Writer of stories about diversity.
He was in his usual spot, surrounded by spent cigarette butts. He watched the shadows in Kate’s window before the light was switched off.
He then changed his focus to the front door, knowing she would emerge shortly in her yoga gear, carrying her mat. He wasn’t going to leave anything to chance this time. He had his car parked across the road, he was planning to take her as soon as she stepped on the footpath.
The door opened, allowing a golden glow to escape and then disappear as the door was closed behind Kate.
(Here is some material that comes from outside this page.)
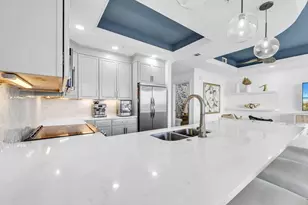 508 Harbor Blvd, Destin, FL 32541 - Photo 19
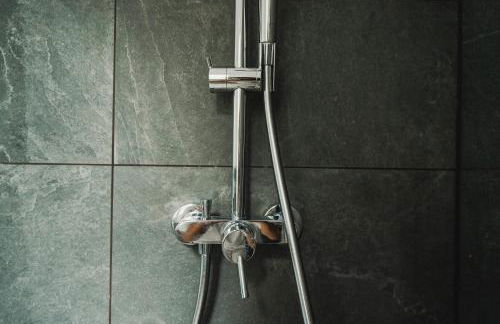 surf house - Foto 15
She skipped down the front path and opened the gate, swinging her yoga mat across her back.
She began to march toward Camden High Street heading to her yoga class, her pony tail swooshing as she took long strides.
He quickly ran to his parked car, unlocked it and slowly drove up behind Kate walking along the footpath.
“Hey,” Kate said turning to the familiar voice and then suddenly froze when their eyes met. “What do you want? I am sick of you following me around, get lost! Ok!”
“Oh, come on Kate. Let’s put our past behind us and move on.” the driver offered, his features hidden in the shadows.
“I have moved on. You haven’t. Leave me alone before I call the police, Ryder.” Kate turned and picked up her pace, trying to gain some distance between herself and the car purring along behind her.
Ryder stopped the car and got out, waking briskly to keep up with her pace.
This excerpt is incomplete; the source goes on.